By a tensor we mean an element of the tensor product of vector spaces over a field. Up to a choice of bases in factors of tensor products, every tensor may be coordinatized, i.e., represented as an array consisting of numbers. The properties of the tensor rank, which is a natural generalization of the matrix rank, have been considered in this paper. The topological group structure of invertible matrices has been studied. The multilinear matrix multiplication has been discussed from the viewpoint of transformation groups. We treat a low-rank tensor approximation in finite-dimensional tensor products. It has been shown that the problem on determining the best rank-n approximation for a tensor of size n×n×2 has no solution. To this end, we have used an approximation by matrices with simple spectra.
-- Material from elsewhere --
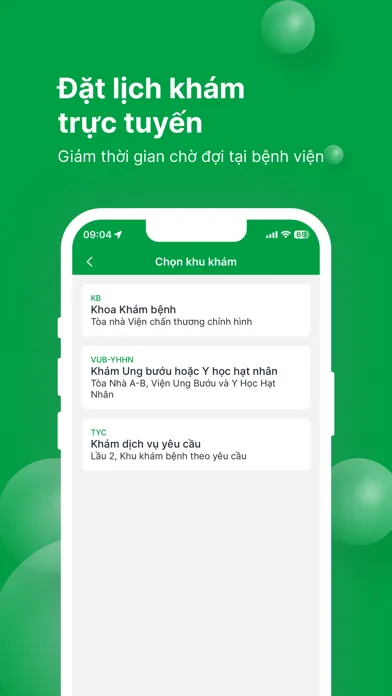 Zrzuty ekranu BV Quân Y 175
Keywords: approximation by matrices with simple spectra, group action, low-rank tensor approximation, norm on tensor space, open mapping, simple spectrum of matrix, tensor rank, topological group of invertible matrices, topological transformation group

Acknowledgments. The research was funded by the subsidy allocated to Kazan Federal University for the state assignment in the sphere of scientific activities, project no. 1.13556.2019/13.1.
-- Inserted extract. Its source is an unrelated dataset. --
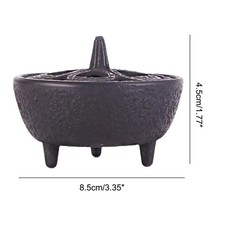 Cast Iron Incense Burner for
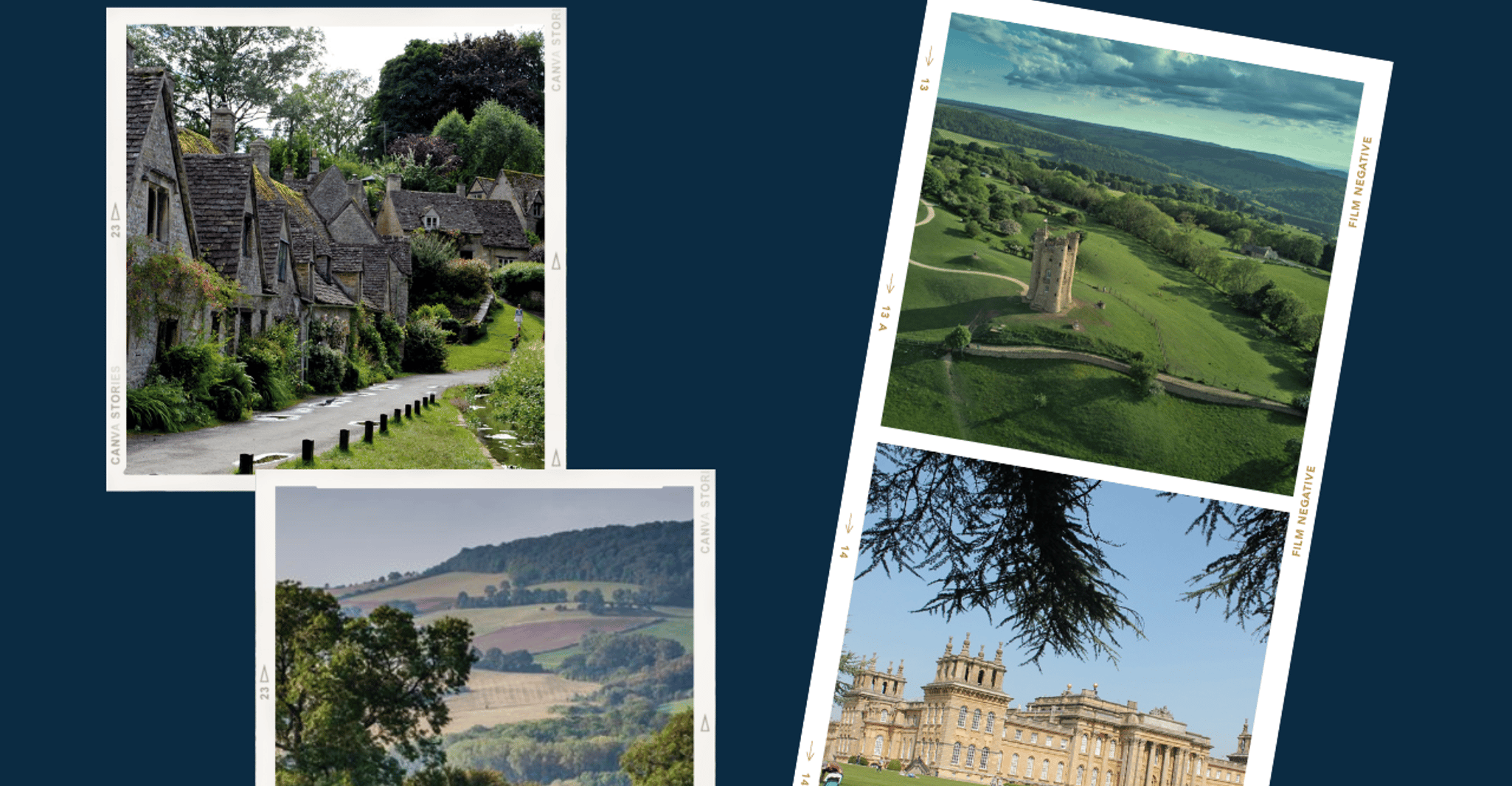 Klassieke Cotswolds, interactieve gids voor de regio - Hizvo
The authors are grateful to Professors M.M. Karchevskii, R.R. Shagidullin and the participants of the seminar “Tensor Analysis” held at Kazan Federal University for their helpful discussions of the problems covered in this paper. We thank Professors G.G. Amosov, M. Fragoulopoulou, and A.Ya. Helemskii for their discussions during the Conference “Probability Theory and Mathematical Statistics” (November 7–10, 2017, Kazan).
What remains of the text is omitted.